TASK DATA Start Marker
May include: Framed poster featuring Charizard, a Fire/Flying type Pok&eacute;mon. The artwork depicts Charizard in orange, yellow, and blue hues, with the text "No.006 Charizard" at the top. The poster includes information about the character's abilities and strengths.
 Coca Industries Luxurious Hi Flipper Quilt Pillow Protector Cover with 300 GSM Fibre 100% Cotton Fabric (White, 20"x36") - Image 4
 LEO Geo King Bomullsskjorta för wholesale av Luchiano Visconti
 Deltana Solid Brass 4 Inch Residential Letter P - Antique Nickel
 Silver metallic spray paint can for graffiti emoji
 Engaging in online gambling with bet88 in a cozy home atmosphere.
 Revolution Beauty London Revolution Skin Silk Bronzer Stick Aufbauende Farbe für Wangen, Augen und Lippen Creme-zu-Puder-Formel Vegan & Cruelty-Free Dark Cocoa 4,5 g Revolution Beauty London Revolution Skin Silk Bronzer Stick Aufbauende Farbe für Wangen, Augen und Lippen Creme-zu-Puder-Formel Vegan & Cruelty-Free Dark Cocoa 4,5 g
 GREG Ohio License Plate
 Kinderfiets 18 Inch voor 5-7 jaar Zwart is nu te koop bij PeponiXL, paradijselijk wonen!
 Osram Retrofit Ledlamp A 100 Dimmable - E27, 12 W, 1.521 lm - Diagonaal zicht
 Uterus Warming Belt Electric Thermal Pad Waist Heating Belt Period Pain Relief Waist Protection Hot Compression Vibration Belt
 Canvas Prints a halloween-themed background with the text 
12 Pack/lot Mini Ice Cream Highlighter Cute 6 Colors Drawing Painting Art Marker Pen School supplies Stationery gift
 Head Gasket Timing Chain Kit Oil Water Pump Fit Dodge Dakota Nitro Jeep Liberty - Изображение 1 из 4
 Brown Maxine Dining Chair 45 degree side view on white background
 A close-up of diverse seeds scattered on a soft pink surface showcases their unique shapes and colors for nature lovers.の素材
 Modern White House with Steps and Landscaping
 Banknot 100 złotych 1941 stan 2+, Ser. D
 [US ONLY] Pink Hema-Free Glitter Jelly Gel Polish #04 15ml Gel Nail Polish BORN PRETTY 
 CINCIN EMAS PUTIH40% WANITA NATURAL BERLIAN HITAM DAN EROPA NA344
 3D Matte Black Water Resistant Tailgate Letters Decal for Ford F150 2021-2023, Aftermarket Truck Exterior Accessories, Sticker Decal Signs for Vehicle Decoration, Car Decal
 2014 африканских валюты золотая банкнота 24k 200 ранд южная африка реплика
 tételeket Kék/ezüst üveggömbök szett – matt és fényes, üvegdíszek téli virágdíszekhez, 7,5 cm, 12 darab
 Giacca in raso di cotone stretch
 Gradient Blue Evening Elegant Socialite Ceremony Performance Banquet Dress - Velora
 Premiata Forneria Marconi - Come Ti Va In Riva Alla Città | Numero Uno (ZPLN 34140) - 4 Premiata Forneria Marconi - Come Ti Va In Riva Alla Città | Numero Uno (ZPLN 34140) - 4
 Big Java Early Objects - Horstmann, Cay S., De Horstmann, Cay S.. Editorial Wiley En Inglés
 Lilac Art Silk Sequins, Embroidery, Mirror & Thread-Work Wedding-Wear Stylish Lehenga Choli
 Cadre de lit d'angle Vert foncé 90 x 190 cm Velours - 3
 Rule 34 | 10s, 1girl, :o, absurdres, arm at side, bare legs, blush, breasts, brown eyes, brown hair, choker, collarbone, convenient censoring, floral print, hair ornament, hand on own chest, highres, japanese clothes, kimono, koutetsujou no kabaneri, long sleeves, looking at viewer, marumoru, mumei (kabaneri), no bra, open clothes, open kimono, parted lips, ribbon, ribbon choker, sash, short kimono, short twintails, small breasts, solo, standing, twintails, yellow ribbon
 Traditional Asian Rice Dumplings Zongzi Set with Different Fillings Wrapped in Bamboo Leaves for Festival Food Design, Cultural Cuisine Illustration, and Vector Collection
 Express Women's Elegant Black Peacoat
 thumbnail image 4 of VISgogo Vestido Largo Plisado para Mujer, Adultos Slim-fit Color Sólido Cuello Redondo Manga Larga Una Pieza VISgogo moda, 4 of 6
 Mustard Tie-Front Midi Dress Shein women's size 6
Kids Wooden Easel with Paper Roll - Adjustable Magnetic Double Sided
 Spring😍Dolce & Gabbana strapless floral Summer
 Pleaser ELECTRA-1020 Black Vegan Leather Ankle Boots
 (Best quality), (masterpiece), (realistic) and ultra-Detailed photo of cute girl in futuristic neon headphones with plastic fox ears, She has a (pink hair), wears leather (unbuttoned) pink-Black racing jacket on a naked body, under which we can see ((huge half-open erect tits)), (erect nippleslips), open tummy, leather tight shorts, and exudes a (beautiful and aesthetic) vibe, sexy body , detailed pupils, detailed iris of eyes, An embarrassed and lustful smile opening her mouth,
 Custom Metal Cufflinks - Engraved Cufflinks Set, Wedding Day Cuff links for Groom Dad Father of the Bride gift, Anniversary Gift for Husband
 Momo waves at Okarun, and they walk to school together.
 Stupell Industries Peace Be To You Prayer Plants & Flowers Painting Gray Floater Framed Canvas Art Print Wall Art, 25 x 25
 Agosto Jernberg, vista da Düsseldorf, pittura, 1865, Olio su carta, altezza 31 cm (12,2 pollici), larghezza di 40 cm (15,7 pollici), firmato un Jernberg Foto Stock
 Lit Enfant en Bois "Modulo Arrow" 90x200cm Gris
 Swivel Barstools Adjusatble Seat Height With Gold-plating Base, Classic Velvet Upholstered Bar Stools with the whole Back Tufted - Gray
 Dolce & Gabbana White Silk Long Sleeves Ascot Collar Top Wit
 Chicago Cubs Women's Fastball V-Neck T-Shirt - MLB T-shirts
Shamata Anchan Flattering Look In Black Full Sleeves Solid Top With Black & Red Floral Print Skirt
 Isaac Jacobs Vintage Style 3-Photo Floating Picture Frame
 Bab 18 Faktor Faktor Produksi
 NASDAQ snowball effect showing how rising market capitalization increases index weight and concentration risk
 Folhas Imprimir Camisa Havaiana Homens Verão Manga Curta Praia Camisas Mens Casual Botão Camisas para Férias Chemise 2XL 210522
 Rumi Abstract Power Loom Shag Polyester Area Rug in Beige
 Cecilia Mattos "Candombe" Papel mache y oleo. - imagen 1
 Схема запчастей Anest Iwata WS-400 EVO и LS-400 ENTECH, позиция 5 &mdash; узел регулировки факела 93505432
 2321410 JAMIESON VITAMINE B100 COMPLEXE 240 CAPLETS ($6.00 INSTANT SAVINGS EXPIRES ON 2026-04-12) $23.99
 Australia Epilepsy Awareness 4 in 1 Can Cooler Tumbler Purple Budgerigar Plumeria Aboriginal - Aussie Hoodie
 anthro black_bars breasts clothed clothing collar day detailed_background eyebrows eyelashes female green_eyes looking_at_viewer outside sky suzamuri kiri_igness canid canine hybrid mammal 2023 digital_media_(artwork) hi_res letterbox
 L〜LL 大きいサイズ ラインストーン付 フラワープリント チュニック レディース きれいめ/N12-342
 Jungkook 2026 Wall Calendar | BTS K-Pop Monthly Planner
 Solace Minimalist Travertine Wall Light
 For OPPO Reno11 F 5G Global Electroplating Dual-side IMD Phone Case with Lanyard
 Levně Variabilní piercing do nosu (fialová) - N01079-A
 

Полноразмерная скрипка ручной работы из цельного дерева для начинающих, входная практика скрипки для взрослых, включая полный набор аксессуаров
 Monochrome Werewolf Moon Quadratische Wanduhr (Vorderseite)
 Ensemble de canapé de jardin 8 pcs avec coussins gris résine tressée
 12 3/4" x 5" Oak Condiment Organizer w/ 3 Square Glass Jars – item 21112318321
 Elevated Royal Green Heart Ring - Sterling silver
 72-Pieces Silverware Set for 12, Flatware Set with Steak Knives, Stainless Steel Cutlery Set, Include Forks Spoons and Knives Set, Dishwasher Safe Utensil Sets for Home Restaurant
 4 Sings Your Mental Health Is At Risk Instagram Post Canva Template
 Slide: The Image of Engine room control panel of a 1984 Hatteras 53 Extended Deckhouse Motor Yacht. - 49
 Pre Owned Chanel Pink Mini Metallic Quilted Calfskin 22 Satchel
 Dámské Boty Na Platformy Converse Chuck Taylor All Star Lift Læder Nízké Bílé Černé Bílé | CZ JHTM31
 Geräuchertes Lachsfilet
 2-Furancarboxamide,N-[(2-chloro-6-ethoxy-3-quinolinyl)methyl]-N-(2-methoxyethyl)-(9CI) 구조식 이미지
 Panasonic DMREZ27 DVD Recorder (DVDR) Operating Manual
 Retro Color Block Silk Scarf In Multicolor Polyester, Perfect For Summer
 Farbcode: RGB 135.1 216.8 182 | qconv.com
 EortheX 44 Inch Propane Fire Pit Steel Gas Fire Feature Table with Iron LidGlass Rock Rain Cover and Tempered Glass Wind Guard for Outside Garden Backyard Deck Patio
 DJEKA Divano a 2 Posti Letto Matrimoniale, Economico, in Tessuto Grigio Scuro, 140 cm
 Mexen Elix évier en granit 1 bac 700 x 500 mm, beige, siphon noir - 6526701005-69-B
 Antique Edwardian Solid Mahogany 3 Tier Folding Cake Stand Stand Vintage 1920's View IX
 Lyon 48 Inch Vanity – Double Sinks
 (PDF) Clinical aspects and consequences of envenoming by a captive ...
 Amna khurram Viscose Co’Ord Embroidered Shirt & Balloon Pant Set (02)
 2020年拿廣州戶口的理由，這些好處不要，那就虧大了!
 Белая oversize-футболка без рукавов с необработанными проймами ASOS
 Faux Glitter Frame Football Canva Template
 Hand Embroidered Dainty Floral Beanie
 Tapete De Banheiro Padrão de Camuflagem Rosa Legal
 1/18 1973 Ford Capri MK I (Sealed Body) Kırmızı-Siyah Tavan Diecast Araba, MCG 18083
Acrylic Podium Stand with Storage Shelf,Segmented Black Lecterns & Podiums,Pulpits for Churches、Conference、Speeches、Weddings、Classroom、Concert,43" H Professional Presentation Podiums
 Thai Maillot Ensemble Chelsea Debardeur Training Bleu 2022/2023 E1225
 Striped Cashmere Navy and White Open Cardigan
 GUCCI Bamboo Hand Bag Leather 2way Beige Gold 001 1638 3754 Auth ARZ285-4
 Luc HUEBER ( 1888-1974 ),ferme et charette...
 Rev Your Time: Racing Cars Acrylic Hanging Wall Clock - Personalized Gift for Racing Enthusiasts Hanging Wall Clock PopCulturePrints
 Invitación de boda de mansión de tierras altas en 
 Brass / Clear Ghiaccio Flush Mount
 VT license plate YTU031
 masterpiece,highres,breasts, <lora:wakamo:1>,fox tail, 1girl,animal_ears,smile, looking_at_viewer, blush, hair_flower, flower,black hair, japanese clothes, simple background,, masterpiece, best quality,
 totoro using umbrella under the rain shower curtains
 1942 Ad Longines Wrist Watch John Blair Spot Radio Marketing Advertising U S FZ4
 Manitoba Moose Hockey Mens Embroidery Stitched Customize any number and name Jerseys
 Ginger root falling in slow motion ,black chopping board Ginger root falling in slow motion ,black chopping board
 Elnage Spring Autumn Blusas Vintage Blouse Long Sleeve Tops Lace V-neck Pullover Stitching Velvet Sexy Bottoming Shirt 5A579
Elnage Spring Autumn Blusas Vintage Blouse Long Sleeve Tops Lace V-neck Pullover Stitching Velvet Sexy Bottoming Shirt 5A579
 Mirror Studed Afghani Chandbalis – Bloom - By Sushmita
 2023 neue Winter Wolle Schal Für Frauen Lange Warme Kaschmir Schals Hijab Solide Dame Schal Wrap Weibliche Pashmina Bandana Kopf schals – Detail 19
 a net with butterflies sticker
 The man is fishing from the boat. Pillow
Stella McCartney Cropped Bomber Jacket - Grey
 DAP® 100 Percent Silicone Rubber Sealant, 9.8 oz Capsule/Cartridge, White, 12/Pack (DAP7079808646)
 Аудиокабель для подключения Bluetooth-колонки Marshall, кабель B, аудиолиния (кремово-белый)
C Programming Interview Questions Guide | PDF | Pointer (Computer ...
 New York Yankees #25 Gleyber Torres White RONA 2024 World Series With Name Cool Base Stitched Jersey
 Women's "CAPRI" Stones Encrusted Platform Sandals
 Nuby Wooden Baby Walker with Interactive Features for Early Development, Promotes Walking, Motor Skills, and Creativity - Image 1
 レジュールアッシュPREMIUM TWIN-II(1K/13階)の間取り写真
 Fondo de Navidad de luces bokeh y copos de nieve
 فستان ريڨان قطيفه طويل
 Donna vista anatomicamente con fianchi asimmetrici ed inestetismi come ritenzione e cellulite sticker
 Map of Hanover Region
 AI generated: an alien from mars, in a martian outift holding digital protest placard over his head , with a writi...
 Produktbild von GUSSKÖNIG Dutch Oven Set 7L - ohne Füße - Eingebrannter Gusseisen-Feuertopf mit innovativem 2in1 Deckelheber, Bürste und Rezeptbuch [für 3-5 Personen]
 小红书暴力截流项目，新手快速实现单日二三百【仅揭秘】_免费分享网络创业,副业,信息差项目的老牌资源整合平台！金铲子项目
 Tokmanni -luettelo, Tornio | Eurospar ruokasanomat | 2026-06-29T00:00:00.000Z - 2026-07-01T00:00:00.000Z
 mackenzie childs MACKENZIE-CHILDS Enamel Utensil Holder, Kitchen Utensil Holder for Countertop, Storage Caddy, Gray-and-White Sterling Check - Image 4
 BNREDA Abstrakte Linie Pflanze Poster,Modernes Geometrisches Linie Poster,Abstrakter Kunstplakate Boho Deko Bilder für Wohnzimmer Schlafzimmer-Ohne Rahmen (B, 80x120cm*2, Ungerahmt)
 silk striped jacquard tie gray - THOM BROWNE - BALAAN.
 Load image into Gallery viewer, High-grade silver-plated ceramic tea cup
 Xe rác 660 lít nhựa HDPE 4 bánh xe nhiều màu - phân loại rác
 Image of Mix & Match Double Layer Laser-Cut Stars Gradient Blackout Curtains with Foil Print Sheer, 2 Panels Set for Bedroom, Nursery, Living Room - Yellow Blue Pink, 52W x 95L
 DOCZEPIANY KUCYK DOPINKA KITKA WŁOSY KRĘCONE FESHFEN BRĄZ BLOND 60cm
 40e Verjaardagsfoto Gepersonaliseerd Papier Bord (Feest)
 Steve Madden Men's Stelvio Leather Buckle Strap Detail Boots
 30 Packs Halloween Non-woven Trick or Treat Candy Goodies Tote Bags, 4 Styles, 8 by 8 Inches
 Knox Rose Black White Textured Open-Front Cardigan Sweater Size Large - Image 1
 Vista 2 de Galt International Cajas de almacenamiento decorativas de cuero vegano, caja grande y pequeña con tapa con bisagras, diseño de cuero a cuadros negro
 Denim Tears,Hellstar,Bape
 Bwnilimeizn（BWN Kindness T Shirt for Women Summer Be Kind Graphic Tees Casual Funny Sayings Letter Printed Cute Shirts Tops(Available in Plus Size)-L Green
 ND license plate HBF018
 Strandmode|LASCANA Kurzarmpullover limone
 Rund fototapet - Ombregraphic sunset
TASK DATA End Marker
▶ _REQUIREMENT_:
Take the lines above from the one containing "NASDAQ snowball effect" to the one containing "2321410 JAMIESON VITAMINE" and retype them exactly, both ends included, with nothing added.

▶ _WRITTEN RESPONSE_:
 NASDAQ snowball effect showing how rising market capitalization increases index weight and concentration risk
 Folhas Imprimir Camisa Havaiana Homens Verão Manga Curta Praia Camisas Mens Casual Botão Camisas para Férias Chemise 2XL 210522
 Rumi Abstract Power Loom Shag Polyester Area Rug in Beige
 Cecilia Mattos "Candombe" Papel mache y oleo. - imagen 1
 Схема запчастей Anest Iwata WS-400 EVO и LS-400 ENTECH, позиция 5 &mdash; узел регулировки факела 93505432
 2321410 JAMIESON VITAMINE B100 COMPLEXE 240 CAPLETS ($6.00 INSTANT SAVINGS EXPIRES ON 2026-04-12) $23.99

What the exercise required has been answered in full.